Amsterdam is one of the cities that have embraced the concept of cargotecture to meet the need for affordable housing, especially for its student population. Several students featured in the NG photo journal are shown living in apartment complexes and student dormitories made from steel shipping containers. The shipping containers are fitted with electricity, plumbing, insulation, flooring, and other utilities after being cleaned.
The shipping container homes need only a part of the energy, material, and funding that a new housing construction would entail. NG cites statistics from SG Blocks stating that refurbishing a shipping container for housing would take 1/20th of the energy needed to reprocess the same amount of steel. Fitting a shipping container as a housing unit also lengthens its functionality lifetime for another hundred years.
A steel shipping container reportedly costs only a few thousand dollars before fitting, making it a low-cost alternative to typically expensive housing units. Moreover, steel shipping containers can be reused not only as creative green housing but even as cafes, shops, and office buildings. Because of the ISO shipping containers’ uniformity in size and shape, they can be stacked as high-rise urban buildings without the need for additional support or external reinforcement. Not only can they be assembled in specific building configurations, their portability also makes them a potentially valuable option for disaster response programs as temporary housing for evacuees and disaster victims.

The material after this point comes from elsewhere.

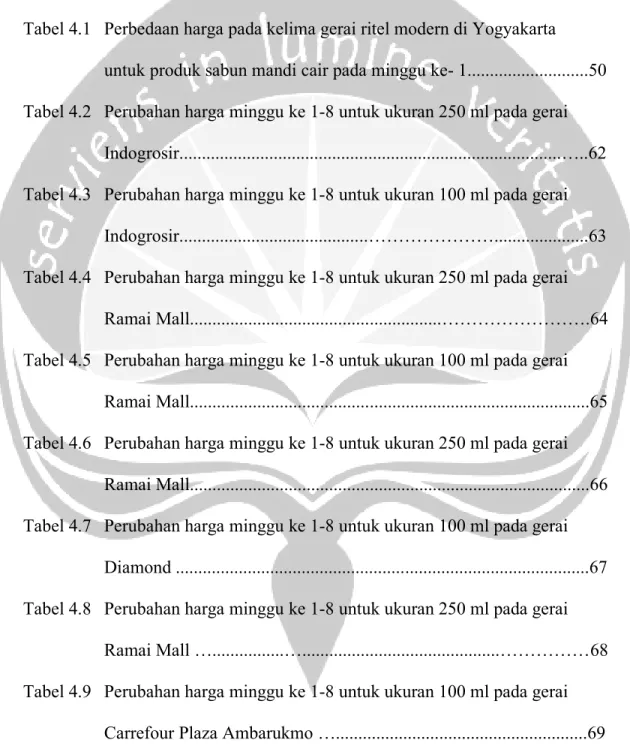 Tabel 3.1  Jadwal penelitian ke-5 (Lima) gerai ritel di Yogyakarta......................44  Tabel 4.1  Perbedaan harga pada kelima gerai ritel modern di Yogyakarta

Steel shipping container homes can also be viable alternative housing units for disadvantaged people living in slums. NG quotes a grievous figure of 800 million people surviving in slums where there is often a lack of sanitary facilities, electricity, and clean water. Compared to typical construction costs, steel shipping containers can be refurbished with facilities on an economically-friendly budget. Amazingly, NG shares that half of Earth’s human population live in cities today. Projections put this figure at 60% by 2030. Yet the total land space of all our planet’s cities combined is only 2% of Earth’s land. NG gives an estimate of 95% of projected urban expansion taking place in developing nations’ cities, highlighting the challenges of increasingly crowded urban areas.
Creative green housing ideas like steel shipping container homes can be a substantial help to growing cities and their increasing populations around the world.